# I have a little... no make that a big problem



## Meysha (Nov 25, 2005)

How am I supposed to fit this:








and this:







into this ?????


----------



## LittleMan (Nov 25, 2005)

Use this:






:mrgreen:


----------



## LittleMan (Nov 25, 2005)

I just noticed your guitar sitting over there in the corner... what kind is it?


----------



## LittleMan (Nov 25, 2005)

Do you usually use TPF on the floor? :lmao:


----------



## Andrea K (Nov 25, 2005)

umm yes. that is a big problem...very big

best of luck to you, and take Chris's advice into mind


----------



## Andrea K (Nov 25, 2005)

LittleMan said:
			
		

> Do you usually use TPF on the floor? :lmao:



i was thinking that too :lmao:


----------



## Chiller (Nov 25, 2005)

Good Luck Meysha


----------



## Alexandra (Nov 25, 2005)

I've got the same problem, actually 
Lol, I can see your reflection in the mirror, on #2


----------



## darin3200 (Nov 25, 2005)

why do you have to put all that stuff into the containers?


----------



## terri (Nov 25, 2005)

You need bigger storage bins, silly girl. :mrgreen: Piece of cake!


----------



## photo gal (Nov 25, 2005)

Looks daunting but I have complete faith in you Meysha...You can do it you can do it you can you can!  : )


----------



## Raymond J Barlow (Nov 25, 2005)

you can do it!!!  shouldn't use the laptop on the carpet!! ouch!


----------



## icondigital (Nov 25, 2005)

wish i could keep my office that clean and tidy!


----------



## Soraiden (Nov 26, 2005)

Lots of luck? 
Girl...where do you sleep?


----------



## Meysha (Nov 26, 2005)

hahaha... no I don't usually use the laptop on the floor.... it's usually sitting on my lap while I'm sitting or lying on the bed.

And hmm what's sleep?

And Chris... I've already thrown out a whole garbage bag full of rubbish!! :-( This is depressing. :-( I will post progress pics though.
Since I took these photos nothing has changed, except I moved all the stuff on the bed to the floor so I could sleep.


----------



## Meysha (Nov 26, 2005)

LittleMan said:
			
		

> I just noticed your guitar sitting over there in the corner... what kind is it?
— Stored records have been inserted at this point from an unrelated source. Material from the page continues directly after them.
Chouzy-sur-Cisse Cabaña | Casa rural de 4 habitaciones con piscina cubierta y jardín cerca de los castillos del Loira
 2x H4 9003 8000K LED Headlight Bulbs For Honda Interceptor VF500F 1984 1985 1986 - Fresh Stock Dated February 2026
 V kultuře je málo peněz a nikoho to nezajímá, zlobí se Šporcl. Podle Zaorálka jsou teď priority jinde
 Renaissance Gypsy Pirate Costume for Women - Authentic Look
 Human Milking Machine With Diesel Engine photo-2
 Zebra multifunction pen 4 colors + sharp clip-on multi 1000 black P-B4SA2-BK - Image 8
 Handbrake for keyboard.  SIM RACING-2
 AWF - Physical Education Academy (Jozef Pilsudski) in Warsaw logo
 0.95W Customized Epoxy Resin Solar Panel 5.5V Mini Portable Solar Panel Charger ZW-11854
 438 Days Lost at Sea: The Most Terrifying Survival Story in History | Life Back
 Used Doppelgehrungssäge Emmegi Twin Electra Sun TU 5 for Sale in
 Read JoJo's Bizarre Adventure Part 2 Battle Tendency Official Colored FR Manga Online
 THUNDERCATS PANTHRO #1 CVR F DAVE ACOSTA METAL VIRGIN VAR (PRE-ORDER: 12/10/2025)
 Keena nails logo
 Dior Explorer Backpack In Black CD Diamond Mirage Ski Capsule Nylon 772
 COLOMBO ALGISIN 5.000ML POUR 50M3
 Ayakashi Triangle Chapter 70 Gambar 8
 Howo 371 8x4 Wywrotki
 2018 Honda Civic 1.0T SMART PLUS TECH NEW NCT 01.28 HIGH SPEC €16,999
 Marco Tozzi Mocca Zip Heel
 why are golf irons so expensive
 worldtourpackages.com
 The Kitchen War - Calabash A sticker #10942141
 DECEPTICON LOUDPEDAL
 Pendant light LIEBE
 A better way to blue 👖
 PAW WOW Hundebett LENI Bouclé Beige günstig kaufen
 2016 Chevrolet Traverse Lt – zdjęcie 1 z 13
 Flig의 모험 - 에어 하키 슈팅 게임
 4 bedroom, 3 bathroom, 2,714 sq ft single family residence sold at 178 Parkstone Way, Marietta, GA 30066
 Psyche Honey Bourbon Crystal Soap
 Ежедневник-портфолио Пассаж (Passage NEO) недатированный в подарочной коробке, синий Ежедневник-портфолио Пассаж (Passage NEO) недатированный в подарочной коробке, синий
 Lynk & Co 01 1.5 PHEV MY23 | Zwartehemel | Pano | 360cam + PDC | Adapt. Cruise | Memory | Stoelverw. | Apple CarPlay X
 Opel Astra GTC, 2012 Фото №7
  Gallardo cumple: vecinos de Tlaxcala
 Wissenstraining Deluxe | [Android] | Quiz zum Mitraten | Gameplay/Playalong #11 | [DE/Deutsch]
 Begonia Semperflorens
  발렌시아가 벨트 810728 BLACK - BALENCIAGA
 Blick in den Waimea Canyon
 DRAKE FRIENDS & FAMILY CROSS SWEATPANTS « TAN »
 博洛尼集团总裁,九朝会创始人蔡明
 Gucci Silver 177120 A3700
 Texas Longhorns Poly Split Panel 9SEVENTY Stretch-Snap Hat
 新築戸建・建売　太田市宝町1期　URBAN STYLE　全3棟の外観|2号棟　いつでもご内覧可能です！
That... my friend... is a very good question. It is made of wood and has strings on it... and I'm learning to play it... I suck.

It's my boyfriend's guitar and he just didn't feel like taking it back to Brisbane with him. So now I get it! :cheer: But I have a much much much nicer one...but again I have no idea what it's called... but it's sweet.


----------



## LittleMan (Nov 26, 2005)

Meysha said:
			
		

> Since I took these photos nothing has changed, except I moved all the stuff on the bed to the floor so I could sleep.


I'm an expert at cleaning, I really hate it sometimes... but I'm really good at it.
I would help you but there is a large body of water between you and I. 
Well, good luck.


----------



## Meysha (Nov 26, 2005)

You may not beleive it... but I too am very good at cleaning... but only when I'm angry or upset.

So that must mean it's a good sign that my room is filthy!


----------



## LittleMan (Nov 26, 2005)

Meysha said:
			
		

> You may not beleive it... but I too am very good at cleaning... but only when I'm angry or upset.
> 
> * So that must mean it's a good sign that my room is filthy!*


That's true.... 
I usually clean my room when I have nothing to do... that's probably why my room is spotless... :lmao:


----------



## Xmetal (Nov 27, 2005)

I bet I know who she was chatting to on MSN at the time! *cough* 

Post up your mirror shot, Vicky!


----------



## Artemis (Nov 27, 2005)

You posted a photo of your bedroom on thos forum....did you not think girl?

On a side note, how am I supposed to fit in that bed?!


----------



## mentos_007 (Nov 27, 2005)

Meysha said:
			
		

> You may not beleive it... but I too am very good at cleaning... but only when I'm angry or upset.
> 
> So that must mean it's a good sign that my room is filthy!



you know .. i have the same... I clean and tidy up only when I'm upset... or furious... so .. it doesn't happen often


----------



## mentos_007 (Nov 27, 2005)

Artemis said:
			
		

> You posted a photo of your bedroom on thos forum....did you not think girl?
> 
> On a side note, how am I supposed to fit in that bed?!



shhhhh.... or Adrian will hear it!!!! And you'll be banned


----------



## Artemis (Nov 27, 2005)

He wont hear nothing...but to be on the safe side...can I hide out in your room Mentos?


----------